Wow you've been digging. I caught a lot of big fish on the mag-pop but used the KVD Splash in lieu most of last year; of which, Chartreuse Shad was my absolute favorite. It is a little heavier than the Rebel and has better stock hooks in my opinion.

http://www.tacklewarehouse.com/Strike_King_HC_KVD_Splash_Popper/descpage-SKKVDS.html


----------



## MoeFishin (Feb 24, 2017)

Sorry if my digging got your name wrong.  I've probably spent over 100 hours searching through old threads here.

I'll try both the Rebel blue/silver and the KVD chartreuse.

Thanks!


----------



## Flannel_Carp (Apr 7, 2014)

MoeFishin said:


> Sorry if my digging got your name wrong.  I've probably spent over 100 hours searching through old threads here.
> 
> I'll try both the Rebel blue/silver and the KVD chartreuse.
> 
> Thanks!


No worries man!

For the Caffeine Shads though, I'd do 2/0 if you're using the Jrs (4") and 3/0 if you're using the regular 5" baits. I've caught plenty of rock bass while throwing a 5" CShad on a 3/0 hook; don't let anyone let you think it's too big for smallies.


----------



## MoeFishin (Feb 24, 2017)

Was down by Dayton Mall this morning and stopped in at Dicks. Got their last two 5" pearl on clearance and some red EWG hooks. Ready for the big smallies now!


----------



## ML1187 (Mar 13, 2012)

MoeFishin said:


> Was down by Dayton Mall this morning and stopped in at Dicks. Got their last two 5" pearl on clearance and some red EWG hooks. Ready for the big smallies now!

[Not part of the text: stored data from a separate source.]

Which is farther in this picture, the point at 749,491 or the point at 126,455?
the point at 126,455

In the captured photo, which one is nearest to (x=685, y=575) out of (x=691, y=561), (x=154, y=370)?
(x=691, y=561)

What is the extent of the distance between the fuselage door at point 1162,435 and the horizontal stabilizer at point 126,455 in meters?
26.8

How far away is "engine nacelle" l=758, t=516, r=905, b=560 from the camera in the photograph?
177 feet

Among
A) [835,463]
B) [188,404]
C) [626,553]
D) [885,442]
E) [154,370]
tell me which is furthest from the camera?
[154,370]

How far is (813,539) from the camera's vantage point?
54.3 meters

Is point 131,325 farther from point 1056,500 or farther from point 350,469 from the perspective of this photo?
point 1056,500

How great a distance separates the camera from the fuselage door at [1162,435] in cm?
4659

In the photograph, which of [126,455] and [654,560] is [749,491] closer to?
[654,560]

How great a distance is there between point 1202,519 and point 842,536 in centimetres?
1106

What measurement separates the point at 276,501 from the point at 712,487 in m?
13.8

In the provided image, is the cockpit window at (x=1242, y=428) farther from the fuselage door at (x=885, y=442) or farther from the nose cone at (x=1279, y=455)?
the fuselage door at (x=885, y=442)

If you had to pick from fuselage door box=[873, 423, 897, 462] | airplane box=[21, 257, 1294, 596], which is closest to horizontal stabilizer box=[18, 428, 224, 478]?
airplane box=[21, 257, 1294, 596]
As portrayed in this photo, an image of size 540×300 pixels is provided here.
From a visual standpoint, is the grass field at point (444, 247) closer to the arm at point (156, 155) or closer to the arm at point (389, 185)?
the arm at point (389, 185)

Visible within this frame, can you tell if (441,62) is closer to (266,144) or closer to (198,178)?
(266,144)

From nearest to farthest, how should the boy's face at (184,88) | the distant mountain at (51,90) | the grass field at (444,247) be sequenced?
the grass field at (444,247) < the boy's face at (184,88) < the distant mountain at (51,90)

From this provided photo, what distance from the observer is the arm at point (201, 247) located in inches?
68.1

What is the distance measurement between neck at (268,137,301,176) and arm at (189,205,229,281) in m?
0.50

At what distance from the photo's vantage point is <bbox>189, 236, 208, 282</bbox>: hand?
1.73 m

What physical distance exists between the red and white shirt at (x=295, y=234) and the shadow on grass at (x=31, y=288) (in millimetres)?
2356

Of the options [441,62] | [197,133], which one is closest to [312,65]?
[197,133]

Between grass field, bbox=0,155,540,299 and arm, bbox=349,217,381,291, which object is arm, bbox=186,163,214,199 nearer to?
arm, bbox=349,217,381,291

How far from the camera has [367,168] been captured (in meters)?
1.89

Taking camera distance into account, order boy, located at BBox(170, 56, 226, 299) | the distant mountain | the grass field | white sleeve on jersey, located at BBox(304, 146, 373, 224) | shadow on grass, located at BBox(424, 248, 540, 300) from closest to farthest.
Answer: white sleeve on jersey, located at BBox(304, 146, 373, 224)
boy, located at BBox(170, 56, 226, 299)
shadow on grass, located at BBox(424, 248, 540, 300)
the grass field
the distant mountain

See what I mean ? I posted that for you guys yesterday ... and today sold out


----------



## MoeFishin (Feb 24, 2017)

Yes, you did... thanks for that! Since I bought 'em at Dicks, I'll have to buy even more different stuff from TW to get the free shipping.


----------



## Flannel_Carp (Apr 7, 2014)

MoeFishin said:


> Yes, you did... thanks for that! Since I bought 'em at Dicks, I'll have to buy even more different stuff from TW to get the free shipping.

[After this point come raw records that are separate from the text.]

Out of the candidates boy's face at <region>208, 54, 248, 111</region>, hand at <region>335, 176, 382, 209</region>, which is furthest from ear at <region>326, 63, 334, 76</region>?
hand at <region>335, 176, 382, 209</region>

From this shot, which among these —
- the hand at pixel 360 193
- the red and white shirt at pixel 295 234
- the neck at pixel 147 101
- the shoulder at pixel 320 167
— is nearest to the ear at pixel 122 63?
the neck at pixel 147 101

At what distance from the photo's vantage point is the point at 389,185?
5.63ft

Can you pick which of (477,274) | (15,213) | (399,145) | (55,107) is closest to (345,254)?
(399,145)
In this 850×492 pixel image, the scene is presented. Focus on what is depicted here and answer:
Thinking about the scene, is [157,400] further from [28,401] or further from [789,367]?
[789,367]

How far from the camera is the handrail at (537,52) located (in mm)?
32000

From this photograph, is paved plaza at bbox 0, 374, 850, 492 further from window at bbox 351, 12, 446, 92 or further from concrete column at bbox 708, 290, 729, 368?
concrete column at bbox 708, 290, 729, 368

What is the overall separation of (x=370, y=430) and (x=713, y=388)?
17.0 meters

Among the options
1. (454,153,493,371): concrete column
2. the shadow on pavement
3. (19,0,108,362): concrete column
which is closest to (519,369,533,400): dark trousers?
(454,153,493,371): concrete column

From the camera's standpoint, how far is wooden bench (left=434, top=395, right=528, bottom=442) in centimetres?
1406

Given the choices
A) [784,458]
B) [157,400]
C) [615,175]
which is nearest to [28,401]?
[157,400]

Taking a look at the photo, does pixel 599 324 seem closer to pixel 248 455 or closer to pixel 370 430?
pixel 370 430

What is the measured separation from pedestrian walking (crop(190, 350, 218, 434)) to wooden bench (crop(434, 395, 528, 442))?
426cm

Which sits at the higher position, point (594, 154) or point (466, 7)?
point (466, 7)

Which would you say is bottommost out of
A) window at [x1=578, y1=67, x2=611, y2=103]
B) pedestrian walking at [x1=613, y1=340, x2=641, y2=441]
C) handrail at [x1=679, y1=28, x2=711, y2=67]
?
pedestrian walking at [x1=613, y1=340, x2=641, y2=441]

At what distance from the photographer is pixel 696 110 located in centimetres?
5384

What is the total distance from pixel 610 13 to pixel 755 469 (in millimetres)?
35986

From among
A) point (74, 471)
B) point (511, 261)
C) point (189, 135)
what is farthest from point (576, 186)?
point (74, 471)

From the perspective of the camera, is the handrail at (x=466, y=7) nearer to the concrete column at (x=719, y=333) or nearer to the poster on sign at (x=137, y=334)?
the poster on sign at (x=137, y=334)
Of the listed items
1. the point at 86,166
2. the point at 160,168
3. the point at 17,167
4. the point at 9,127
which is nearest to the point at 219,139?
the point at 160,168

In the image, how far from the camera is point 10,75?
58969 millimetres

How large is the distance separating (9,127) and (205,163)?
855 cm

Use this code at checkout for $5 off: FHABAQ214


----------



## MoeFishin (Feb 24, 2017)

Thank you, sir!


----------



## MoeFishin (Feb 24, 2017)

After the TW order, I wound up with pearl white and baby bass c-shads, each in 4” and 5”, with red and black EWG hooks, each in 2/0 and 3/0. I’m also going to try topwater with the Strike King Splash poppers in chartreuse and natural. I skipped the Rebel Pop-R for now.


----------



## 9Left (Jun 23, 2012)

sounds like a winner combination Moe... we'll be expecting your next post to include some fish porn!


----------



## Saugeye Tom (Oct 6, 2010)

C SHADS DO NOT WORK EVERYONE IS TELLING FALSEHOODS.....


----------